--- WHAT YOU WILL DO ---
The pictures in the listing below are to be skipped, while the lines between the line holding "Over The Rainbow" and the line holding "Ford Balaclava - Cream/Rose Red", inclusive, are to be output exactly.

--- THE RECORDS ---
┏━━
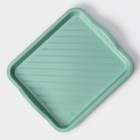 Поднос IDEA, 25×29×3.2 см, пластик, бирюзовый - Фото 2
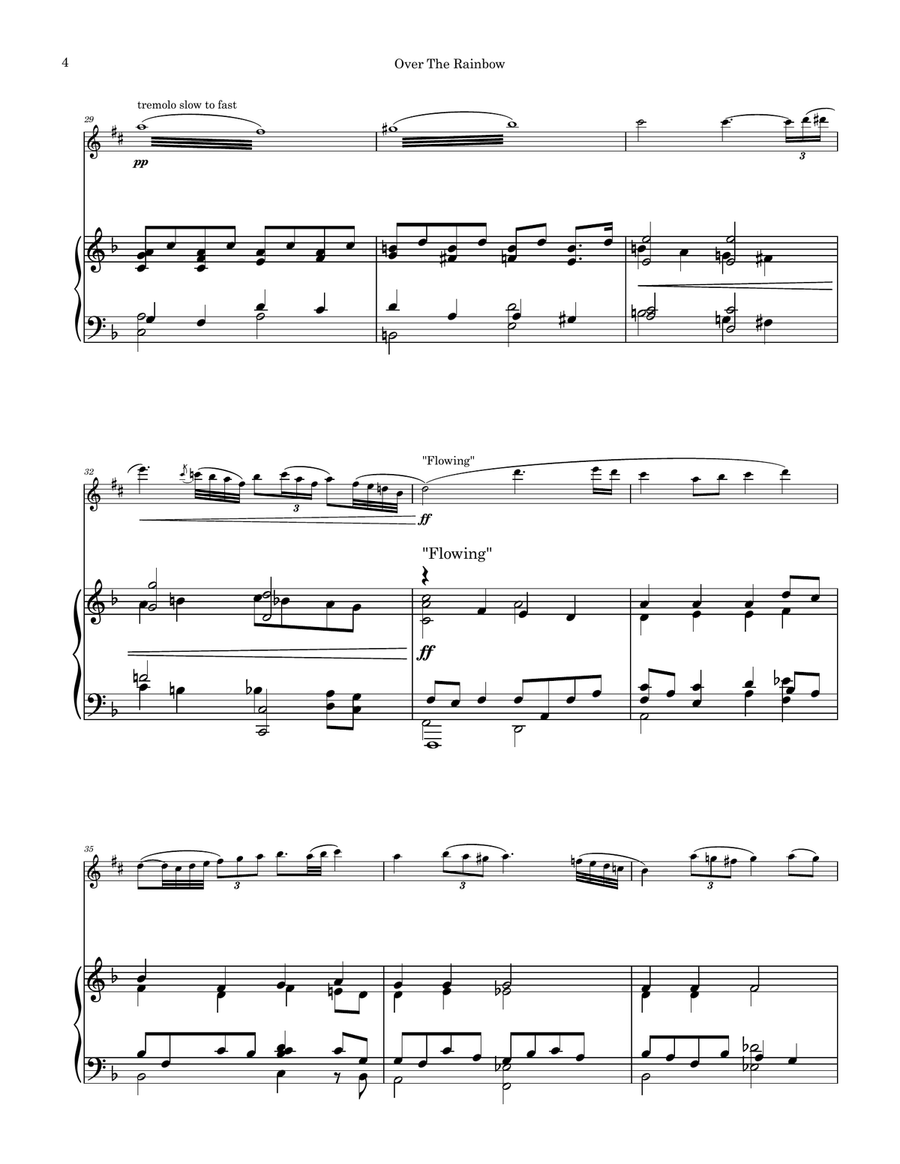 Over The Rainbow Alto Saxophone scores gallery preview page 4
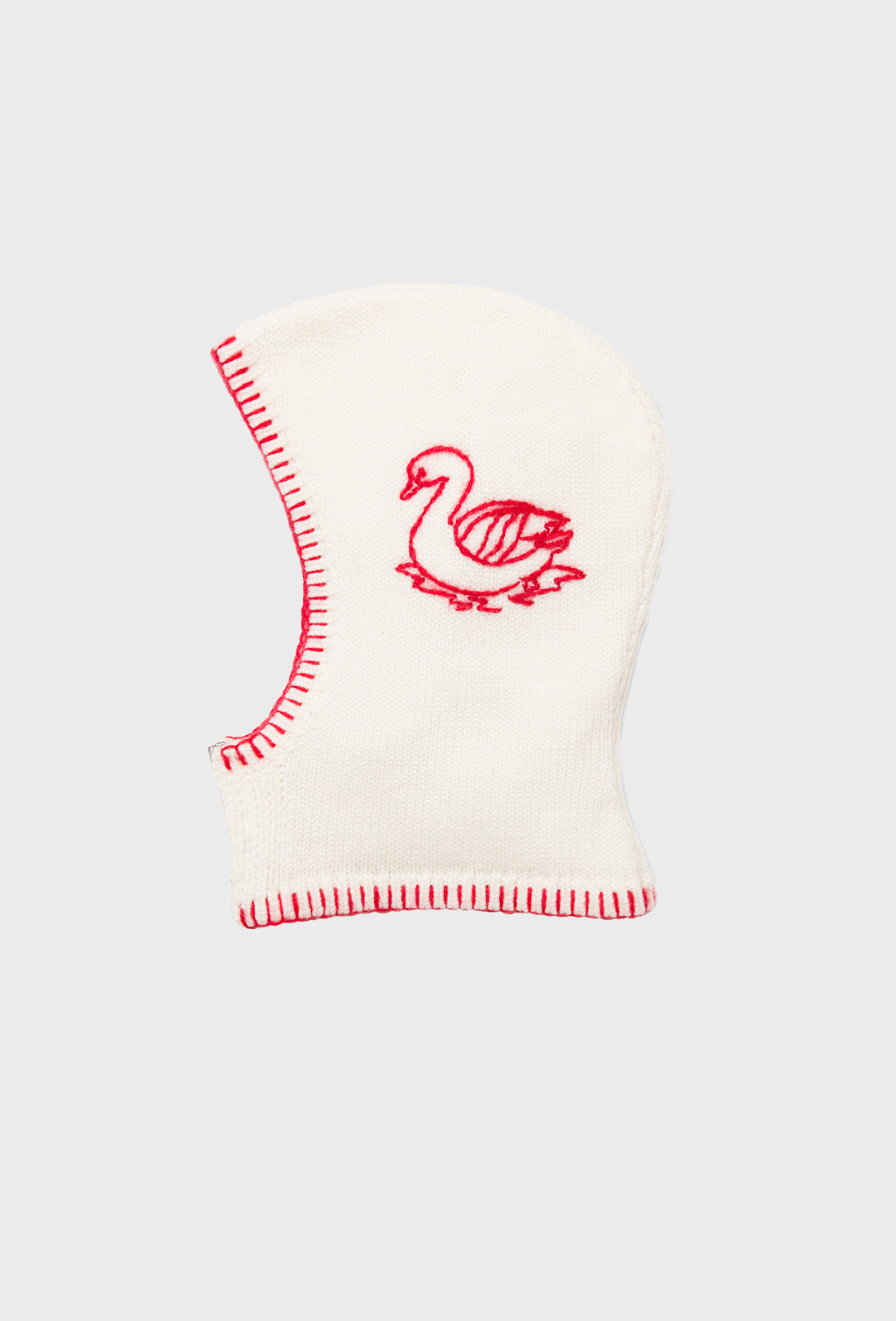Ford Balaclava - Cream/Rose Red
┗━━
┏━━
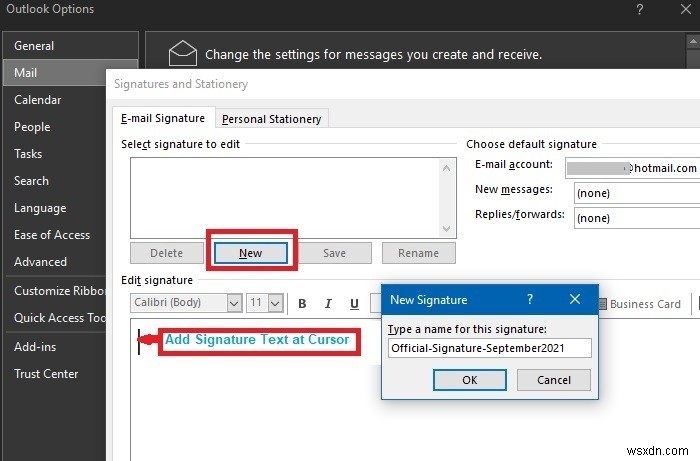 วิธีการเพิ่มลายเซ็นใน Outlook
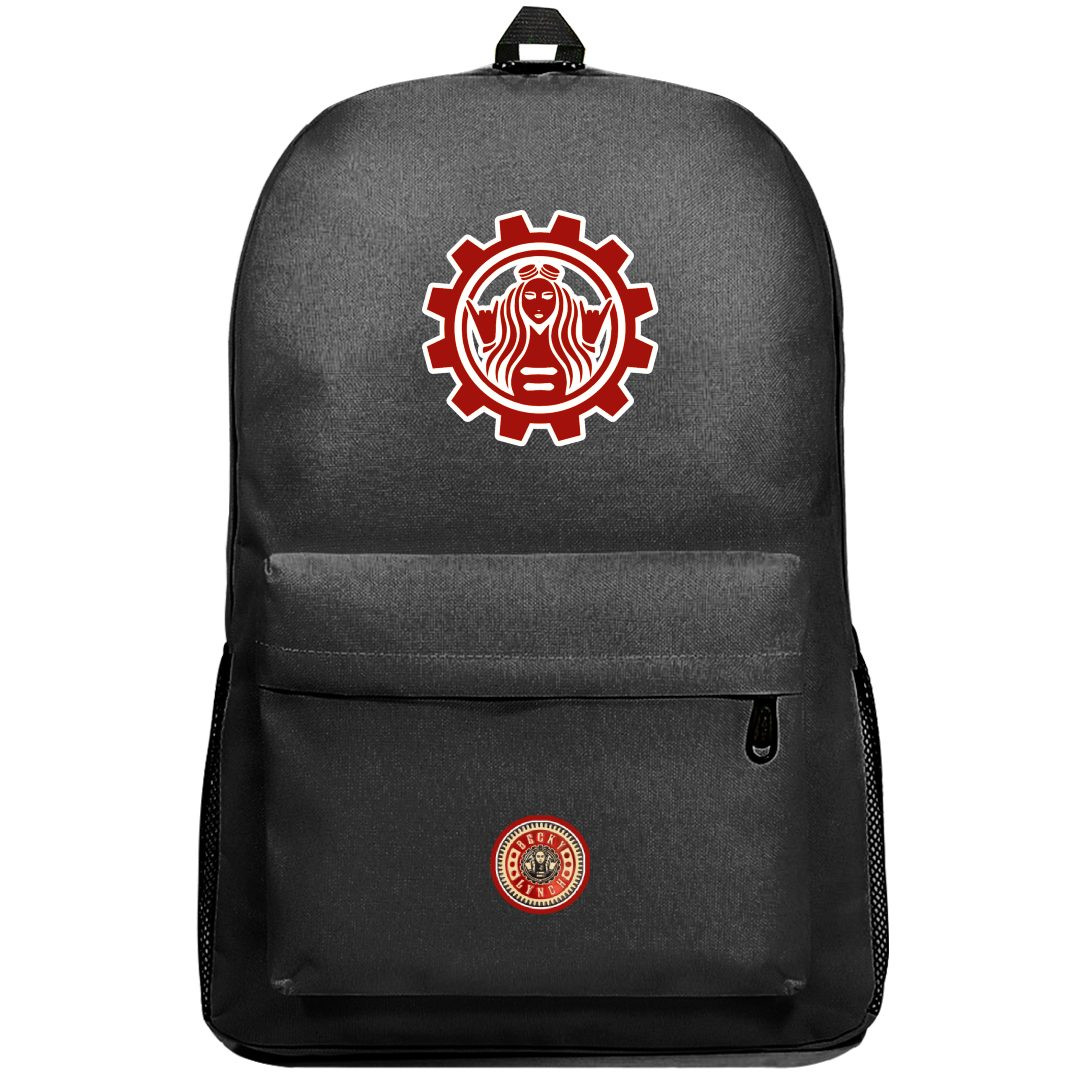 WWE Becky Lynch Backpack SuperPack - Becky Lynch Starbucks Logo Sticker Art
┗━━
┏━━
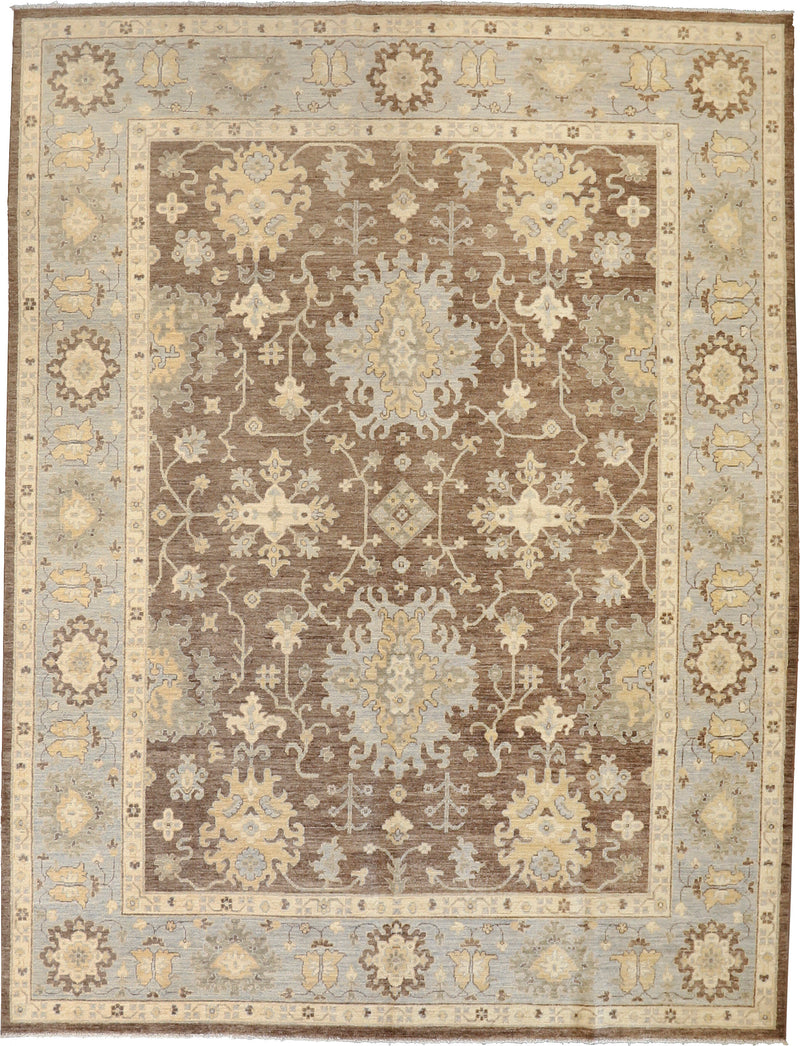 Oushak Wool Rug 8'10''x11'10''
┗━━
--- OUTPUT FOR THIS TASK ---
 Over The Rainbow Alto Saxophone scores gallery preview page 4
Ford Balaclava - Cream/Rose Red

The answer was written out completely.